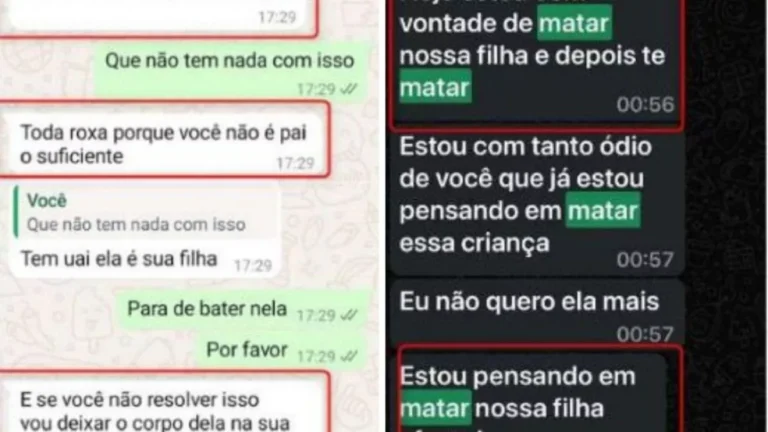 Mãe é presa suspeita de torturar filha de 1 ano e ameaçar matá-la para forçar ex a reatar relação; veja prints
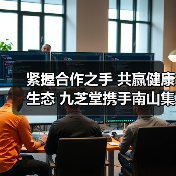 紧握合作之手 共赢健康生态 九芝堂携手南山集团打造康养示范基地(图2) 紧握合作之手 共赢健康生态 九芝堂携手南山集团打造康养示范基地(图2)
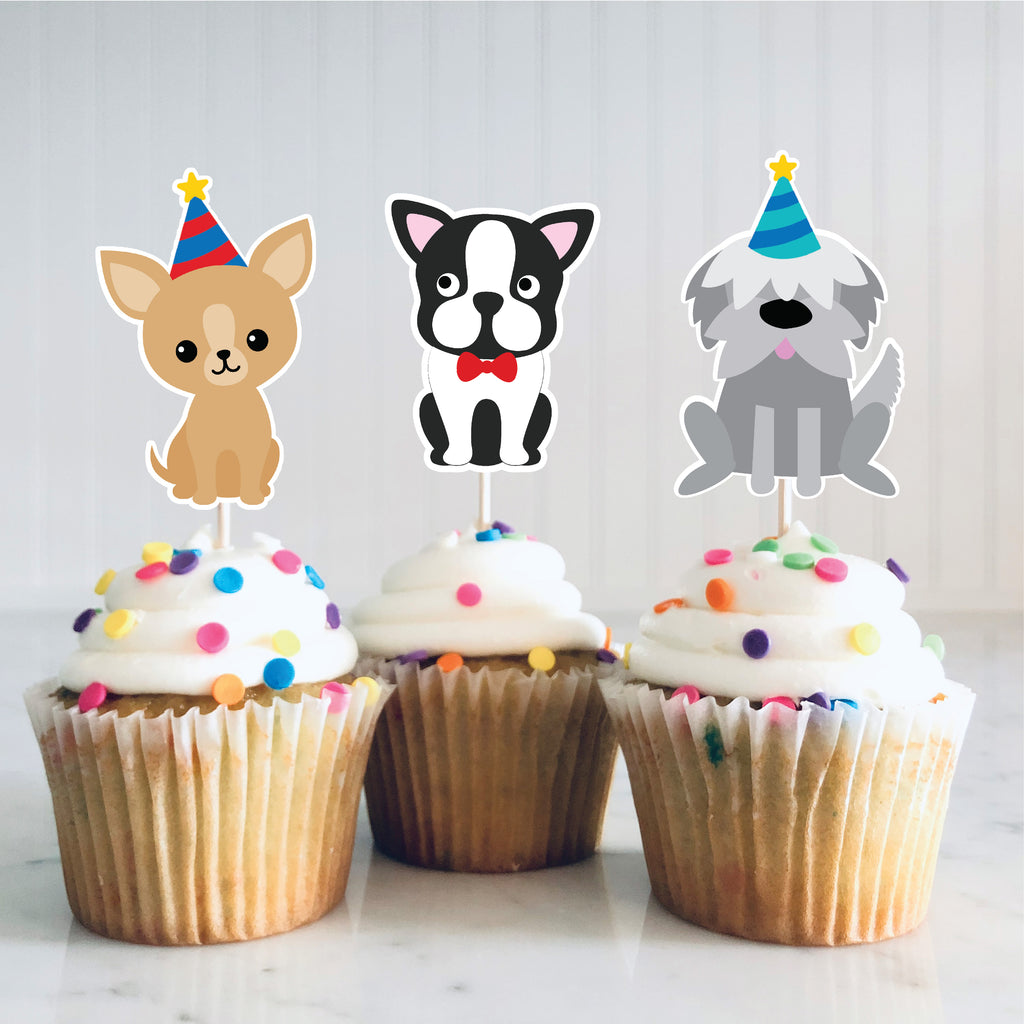 Puppy Cupcake Toppers| Puppy Party| Instant Download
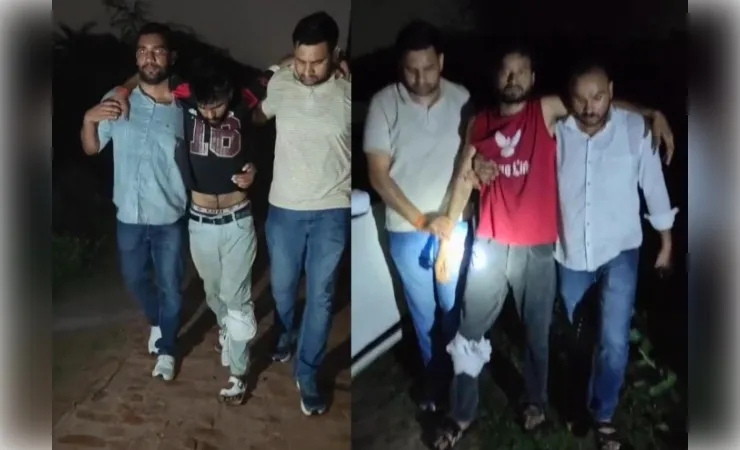 मुठभेड़ में दाे बदमाश गिरफ्तार , पैर में गोली लगने से हुए घायल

* * * * * * * * *

▶ **Problem statement**
Skip the pictures. Write out exactly the lines from the one with "Puppy Cupcake Toppers|" through the last line of the listing, both ends included, and nothing more.

▶ **Answer box**
 Puppy Cupcake Toppers| Puppy Party| Instant Download
 मुठभेड़ में दाे बदमाश गिरफ्तार , पैर में गोली लगने से हुए घायल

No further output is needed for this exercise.